Saat ini, masyarakat kita, khususnya dunia pendidikan, sedang diramaikan dengan bincangan mengenai rencana baru Kementerian pendidikan dasar dan menengah. Mereka sedang menggodok rancangan kurikulum deep learning, yang diharapkan akan meningkatkan kualitas dan layanan pendidikan di Indonesia.
Bahkan, untuk konteks pemikiran Islam, misalnya, Pemikir Turki, yang sempat popular di tahun 2000-an, yakni Harun Yahya, sudah pula mengenalkan konsep deep thinking. Begitupula dengan Gary Kasparov (2016). Apakah konsep deep thinking ini akan membersamai konsep deep learning ? bisa, ya, bisa tidak !
Tetapi, hal yang menarik untuk
disampaikan di sini, adalah mendiskusikan mengenai kepatutan penggunaan konsep
tersebut. Sekali lagi, kita tidak dimaksudkan untuk mengulas sejarah pemikiran
atau evolusi pemikirannya. Ulasan ini, lebih mengarah pada penggunaan
istilahnya. Mohon, maaf, mungkin hal ini, akan terasa mengada-ada, atau dangkal.
Tetapi, dalam hemat penulis, narasi ini tetap penting untuk disampaikan di
sini.
Pada mulanya, istilah deep learning digunakan untuk menggambarkan pola kerja computer yang bersifat logis, dan algoritmis. Sifatnya structural dan dengan pola yang kompleks, atau mendalam. Pola pikir serupa ini, secara filosofi merujuk pada karakter berpikir manusia, namun kemudian hari ini dianggapnya sebagai pola pikir khas komputasional. Kira-kira demikianlah, sederhananya mengenai deep learning.
Untuk menanggapi konsep deep
learning, kita akan terrangsang untuk menggunakan pola pikir dikhotomis.
Artinya, jika ada yang deep (mendalam), berarti ada pula pola pembelajaran yang
‘tidak mendalam’, tetapi meluas (broad learning).
Mengapa demikian ?
Ya, setidaknya, bila kita meniru
pandangan Edward de Bono.
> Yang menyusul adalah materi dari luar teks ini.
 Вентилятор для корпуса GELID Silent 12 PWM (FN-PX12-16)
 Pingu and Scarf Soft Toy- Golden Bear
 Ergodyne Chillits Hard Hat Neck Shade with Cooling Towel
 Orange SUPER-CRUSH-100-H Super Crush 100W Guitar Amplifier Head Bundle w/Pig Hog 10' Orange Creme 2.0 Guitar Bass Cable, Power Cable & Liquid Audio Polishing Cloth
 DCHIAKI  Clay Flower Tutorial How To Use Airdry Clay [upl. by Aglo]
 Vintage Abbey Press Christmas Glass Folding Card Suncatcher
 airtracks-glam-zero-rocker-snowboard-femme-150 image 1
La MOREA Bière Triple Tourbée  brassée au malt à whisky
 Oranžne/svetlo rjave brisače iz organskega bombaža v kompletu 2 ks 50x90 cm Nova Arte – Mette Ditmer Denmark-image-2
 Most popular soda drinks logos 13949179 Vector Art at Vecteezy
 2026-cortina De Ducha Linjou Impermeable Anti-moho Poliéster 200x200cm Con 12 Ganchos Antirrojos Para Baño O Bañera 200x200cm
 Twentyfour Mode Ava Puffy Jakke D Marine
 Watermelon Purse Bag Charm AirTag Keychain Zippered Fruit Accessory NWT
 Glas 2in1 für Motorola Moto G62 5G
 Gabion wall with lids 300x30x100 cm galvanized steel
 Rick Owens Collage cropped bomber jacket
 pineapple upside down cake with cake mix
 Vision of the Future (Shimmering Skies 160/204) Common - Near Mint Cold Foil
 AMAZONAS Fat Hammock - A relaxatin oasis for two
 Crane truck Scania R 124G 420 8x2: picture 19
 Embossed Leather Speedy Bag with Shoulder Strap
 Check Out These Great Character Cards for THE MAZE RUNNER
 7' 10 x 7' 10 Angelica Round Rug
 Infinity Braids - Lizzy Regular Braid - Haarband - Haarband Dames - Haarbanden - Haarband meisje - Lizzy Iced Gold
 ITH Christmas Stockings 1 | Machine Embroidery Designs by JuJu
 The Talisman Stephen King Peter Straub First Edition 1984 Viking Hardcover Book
Saat dia mengajukan pandangan mengenai lateral
thinking, pun kemudian diiringi dengan pemikiran mengenai vertical thinking. Rasanya,
tidak jauh dengan pemahaman serupa itu, deep learning memiliki karakter yang
selaras dengan vertical thinking, sedangkan lateral thinking akan bersamaan
dengan pemikiran mengenai broad learning.
Artinya, untuk pembelajaran di kelas, yang kita butuhkan itu adalah pembelajaran mendalam atau pembelajaran meluas (deep learning atau broad learning). Lebih baik tahu banyak tentang sesuatu hal, atau mengetahui lebih banyak sesuatu hal, walaupun sedikit-sedikit ? bisa jadi, kurikulum selama ini, dinilai broad learning. Banyak mata pelajarannya, banyak pokok bahasannya, namun hanya sedikit terkuasainya. Sehingga, orang memandangnya, tidak banyak hal yang bisa dilakukan oleh seorang peserta didik.
Atau kalaupun hendak dipikir ulang, sejak kapan kita belajar mendalam, dan kapan kita membutuhkan model pembelajaran yang luas. Pertanyaan ini, penting diajukan, dengan maksud, untuk menjaga kualitas dan karakter peserta didik itu sendiri.
Namun demikian, pertanyaannya, mempersiapkan generasi muda masa depan ini, deep learning atawa broad learning, sebuah pilihan !!